GOAL OF THE EXERCISE -> Transcribe the entries that come next exactly, but not the pictures they contain.

DATA SECTION ->
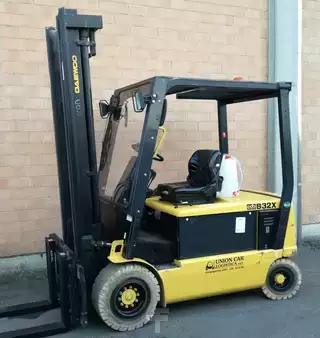 Annet 2004  Daewoo B32X (1)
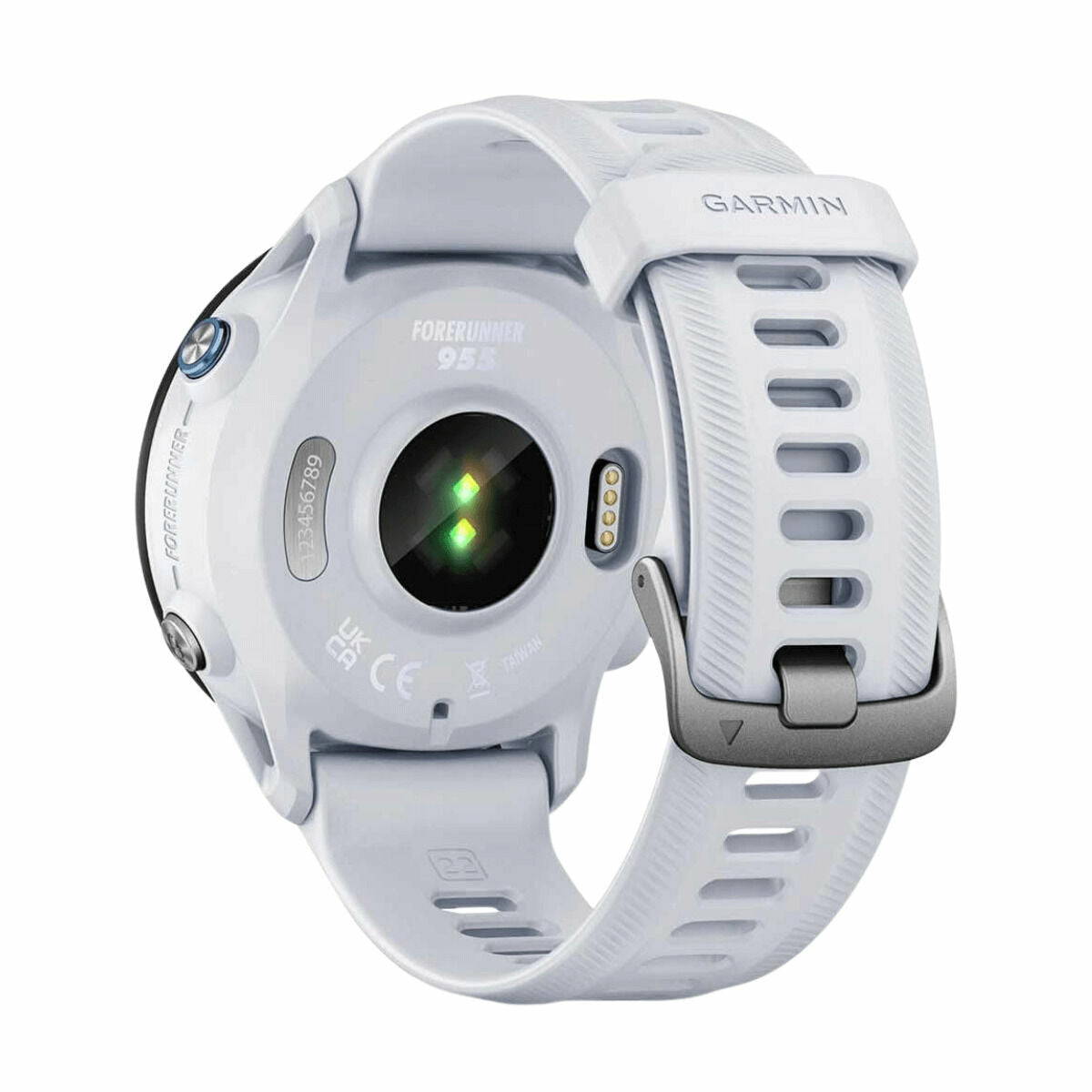 V4HD5DC1B3D828E510B426D788042C30BA2R5827407P3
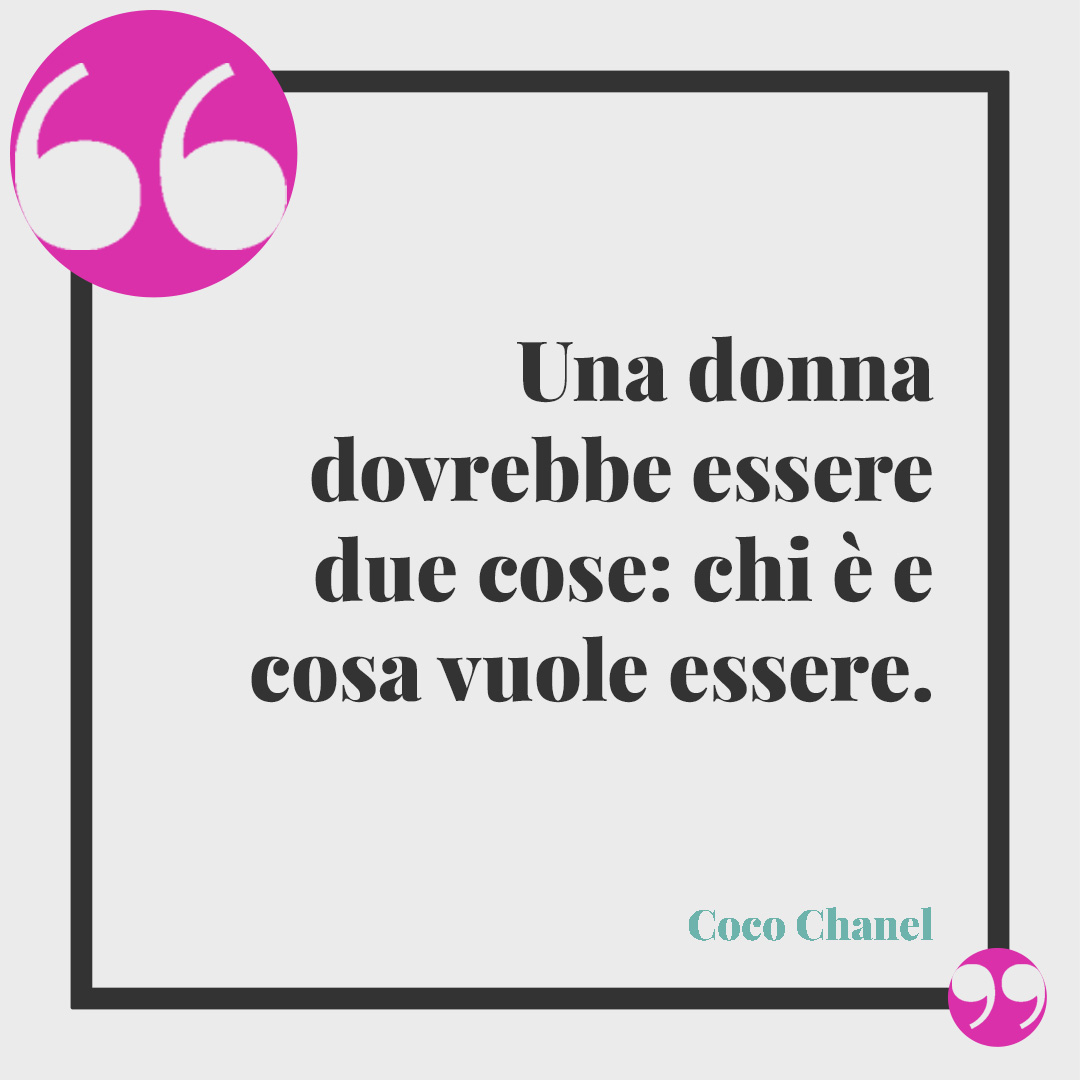 Frasi per la festa delle donne
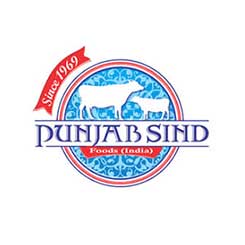 Punjab Sind Dairy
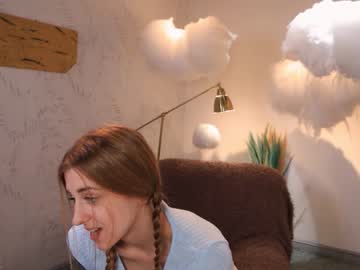 Nude girl arya_bright image #3286711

SOLUTION ->
 Annet 2004  Daewoo B32X (1)
 V4HD5DC1B3D828E510B426D788042C30BA2R5827407P3
 Frasi per la festa delle donne
 Punjab Sind Dairy
 Nude girl arya_bright image #3286711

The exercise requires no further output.